═════ DATA FOR REVIEW ═════

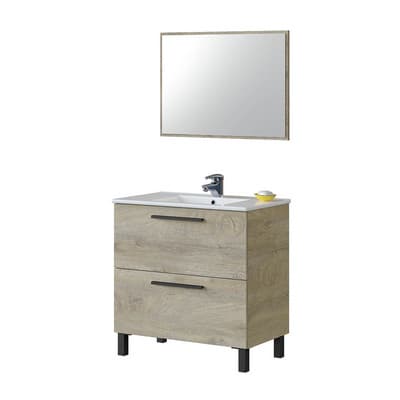 Mobile Arredo Bagno Athena 2 Cassetti (da Dh 80 cm x 80 x 45 Rovere Alaska - 2
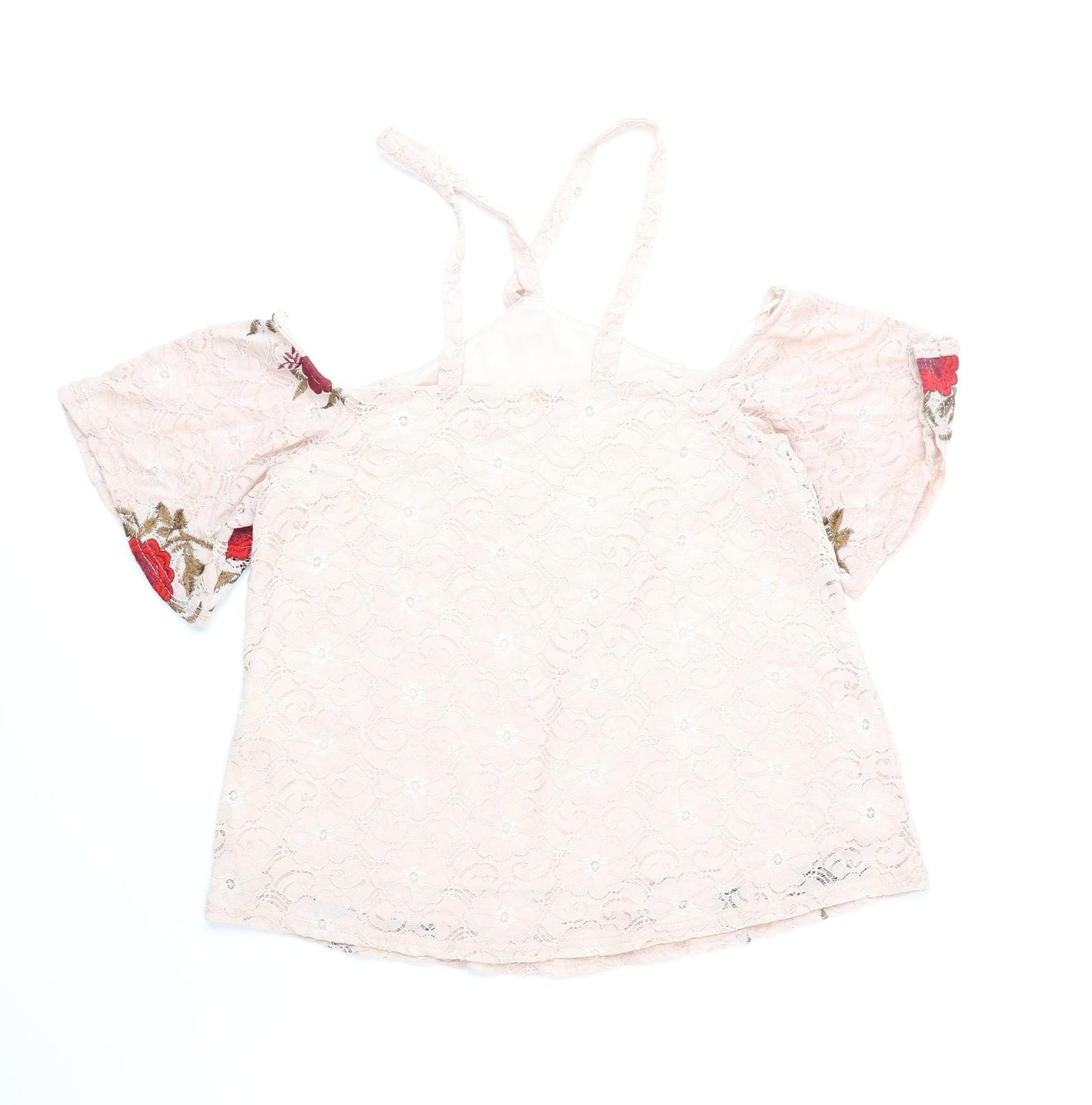 River Island Womens Beige Floral Nylon Basic Blouse Size 10 Off the Shoulder - Lace Overlay Cold Shoulder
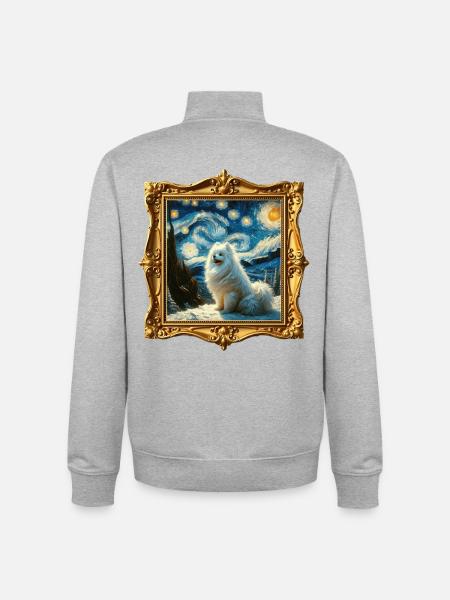 Spitz Pomeranian Starry Night - Unisex Organic Zip Sweatshirt by Stanley/Stella - heather grey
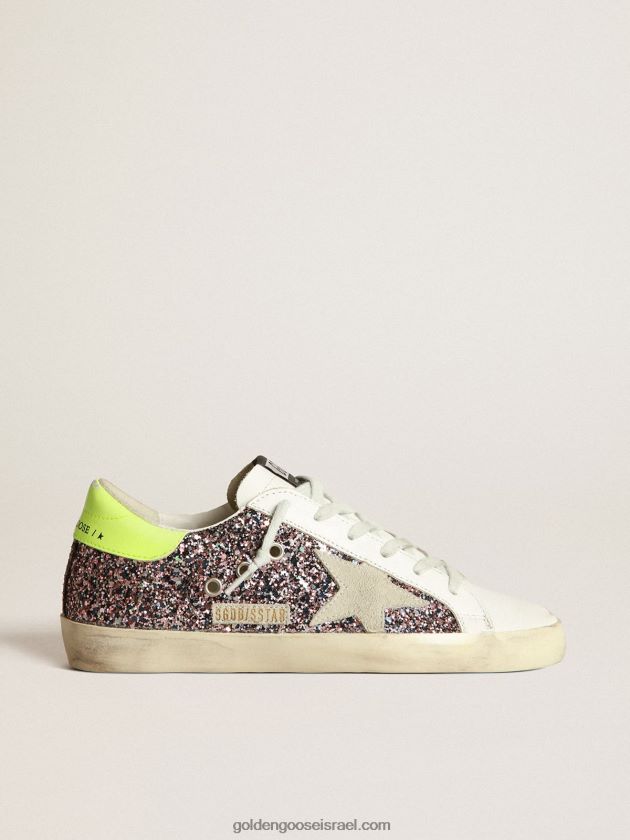 נשים Golden Goose נעלי סניקרס כוכבי על בצבעי נצנצים אפורים וורודים עם כוכב זמש אפור קרח 246D24265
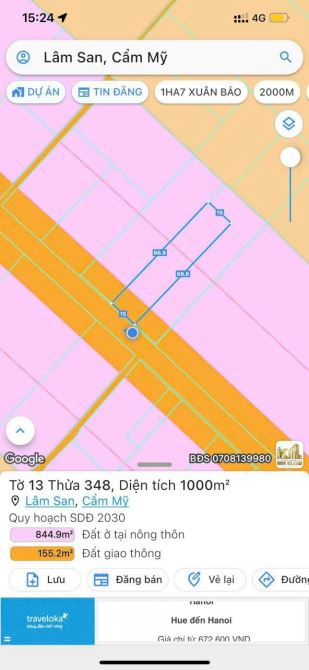 BÁN ĐẤT ẤP 3 LÂM SAN CẢM MỸ ĐỒNG NAI, MT NHỰA 12m, KHU DÂN CƯ, GIÁ 120TR/M - 2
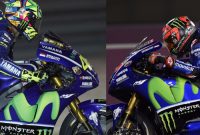 Valentino Rossi & Maverick Vinales dengan YZR-M1 yang dipasang bendera Indonesia di Losail International Circuit Qatar Valentino Rossi & Maverick Vinales dengan YZR-M1 yang dipasang bendera Indonesia di Losail International Circuit Qatar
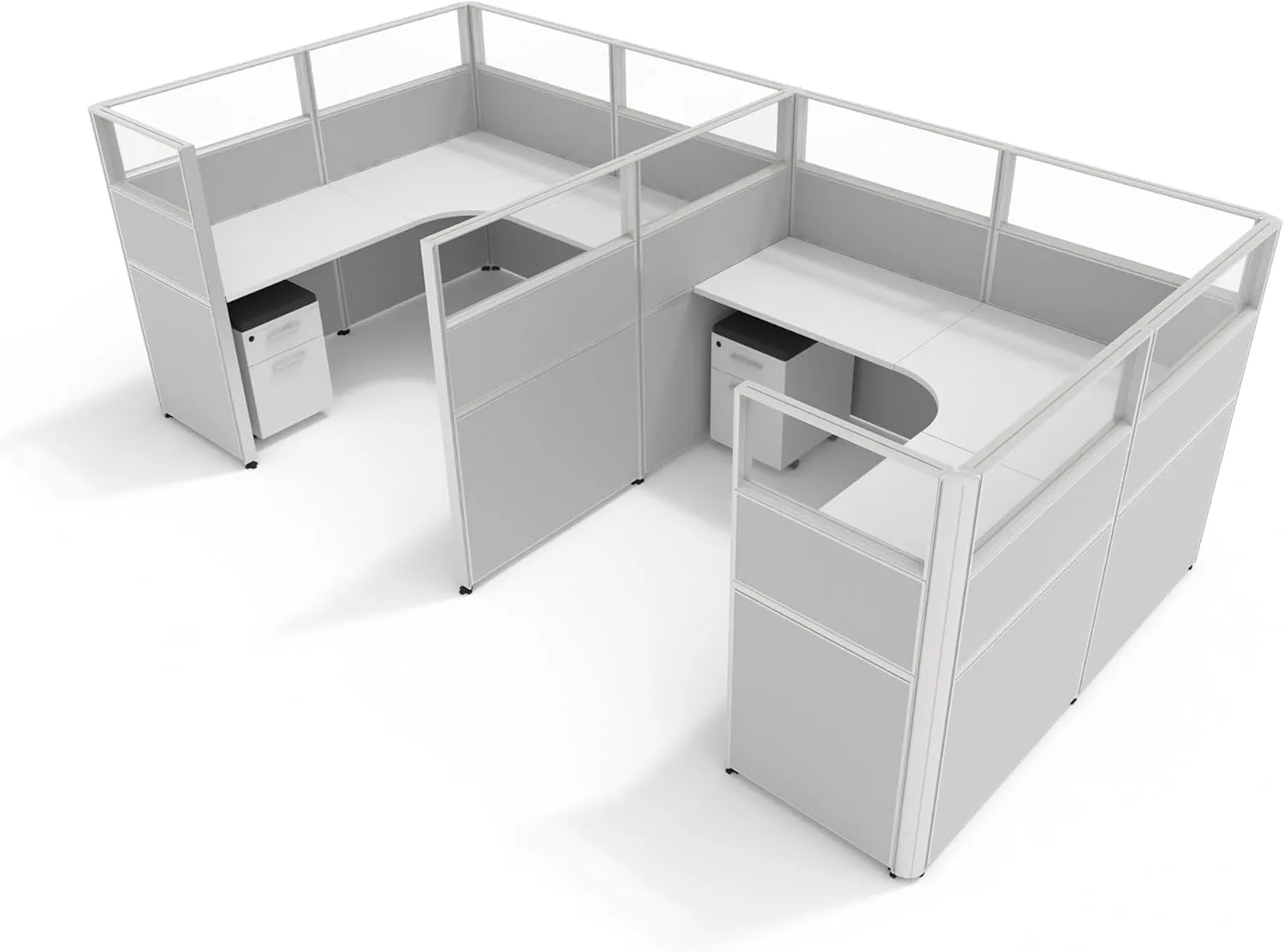 SUNLINE Office Workstation Cubicle Furniture Kit - Customizable Cubicle Desks with Adjustable Panels and Mobile Box Files,7 Layouts for Startups and Modern Workspaces - Gray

═════

The data above must be written out again word for word, without its pictures.

 Mobile Arredo Bagno Athena 2 Cassetti (da Dh 80 cm x 80 x 45 Rovere Alaska - 2
 River Island Womens Beige Floral Nylon Basic Blouse Size 10 Off the Shoulder - Lace Overlay Cold Shoulder
 Spitz Pomeranian Starry Night - Unisex Organic Zip Sweatshirt by Stanley/Stella - heather grey
 נשים Golden Goose נעלי סניקרס כוכבי על בצבעי נצנצים אפורים וורודים עם כוכב זמש אפור קרח 246D24265
 BÁN ĐẤT ẤP 3 LÂM SAN CẢM MỸ ĐỒNG NAI, MT NHỰA 12m, KHU DÂN CƯ, GIÁ 120TR/M - 2
 Valentino Rossi & Maverick Vinales dengan YZR-M1 yang dipasang bendera Indonesia di Losail International Circuit Qatar Valentino Rossi & Maverick Vinales dengan YZR-M1 yang dipasang bendera Indonesia di Losail International Circuit Qatar
 SUNLINE Office Workstation Cubicle Furniture Kit - Customizable Cubicle Desks with Adjustable Panels and Mobile Box Files,7 Layouts for Startups and Modern Workspaces - Gray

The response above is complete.